**EXERCISE REQUIREMENTS**
The lines from the start of the listing through the line containing "Pengadaan bansos saat" should be printed exactly, and no other lines should be printed.
□ □ □
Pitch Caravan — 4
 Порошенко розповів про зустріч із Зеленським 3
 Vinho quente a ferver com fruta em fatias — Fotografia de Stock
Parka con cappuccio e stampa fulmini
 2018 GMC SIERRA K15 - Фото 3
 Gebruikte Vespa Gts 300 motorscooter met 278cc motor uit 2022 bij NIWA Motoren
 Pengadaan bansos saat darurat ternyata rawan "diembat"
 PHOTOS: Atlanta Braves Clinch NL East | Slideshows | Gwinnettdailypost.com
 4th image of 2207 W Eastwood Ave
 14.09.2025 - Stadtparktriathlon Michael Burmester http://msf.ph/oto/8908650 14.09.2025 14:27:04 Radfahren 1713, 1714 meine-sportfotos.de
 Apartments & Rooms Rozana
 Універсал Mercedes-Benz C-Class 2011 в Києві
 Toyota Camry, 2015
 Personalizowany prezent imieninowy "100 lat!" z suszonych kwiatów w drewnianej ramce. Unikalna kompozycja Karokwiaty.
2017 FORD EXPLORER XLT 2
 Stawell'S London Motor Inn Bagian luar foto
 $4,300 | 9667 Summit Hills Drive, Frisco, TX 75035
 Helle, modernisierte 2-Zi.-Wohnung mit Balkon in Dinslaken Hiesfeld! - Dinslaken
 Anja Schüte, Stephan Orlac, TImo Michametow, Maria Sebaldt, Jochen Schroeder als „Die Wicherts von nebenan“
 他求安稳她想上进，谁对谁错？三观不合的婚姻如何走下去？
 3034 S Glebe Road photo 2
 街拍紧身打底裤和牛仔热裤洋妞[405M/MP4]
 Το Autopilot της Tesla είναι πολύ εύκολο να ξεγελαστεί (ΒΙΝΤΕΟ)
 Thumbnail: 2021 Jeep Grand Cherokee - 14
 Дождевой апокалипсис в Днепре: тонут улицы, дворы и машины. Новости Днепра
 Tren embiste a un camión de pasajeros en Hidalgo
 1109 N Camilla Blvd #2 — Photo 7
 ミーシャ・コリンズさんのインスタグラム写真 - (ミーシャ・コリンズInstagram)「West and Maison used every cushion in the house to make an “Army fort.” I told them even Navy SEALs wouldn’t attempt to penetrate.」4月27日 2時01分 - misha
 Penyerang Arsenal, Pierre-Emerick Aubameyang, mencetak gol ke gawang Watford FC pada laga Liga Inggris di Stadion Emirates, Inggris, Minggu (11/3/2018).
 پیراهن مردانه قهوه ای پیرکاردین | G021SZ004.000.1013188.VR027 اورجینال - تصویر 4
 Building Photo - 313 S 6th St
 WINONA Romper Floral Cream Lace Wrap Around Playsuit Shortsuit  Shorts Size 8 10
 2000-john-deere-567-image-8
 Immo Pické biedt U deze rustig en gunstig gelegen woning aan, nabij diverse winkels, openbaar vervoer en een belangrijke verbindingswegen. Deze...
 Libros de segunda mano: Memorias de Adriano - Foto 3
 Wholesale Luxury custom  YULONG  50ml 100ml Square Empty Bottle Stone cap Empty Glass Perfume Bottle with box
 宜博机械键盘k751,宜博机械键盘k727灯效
□ □ □
**RESPONSE**
Pitch Caravan — 4
 Порошенко розповів про зустріч із Зеленським 3
 Vinho quente a ferver com fruta em fatias — Fotografia de Stock
Parka con cappuccio e stampa fulmini
 2018 GMC SIERRA K15 - Фото 3
 Gebruikte Vespa Gts 300 motorscooter met 278cc motor uit 2022 bij NIWA Motoren
 Pengadaan bansos saat darurat ternyata rawan "diembat"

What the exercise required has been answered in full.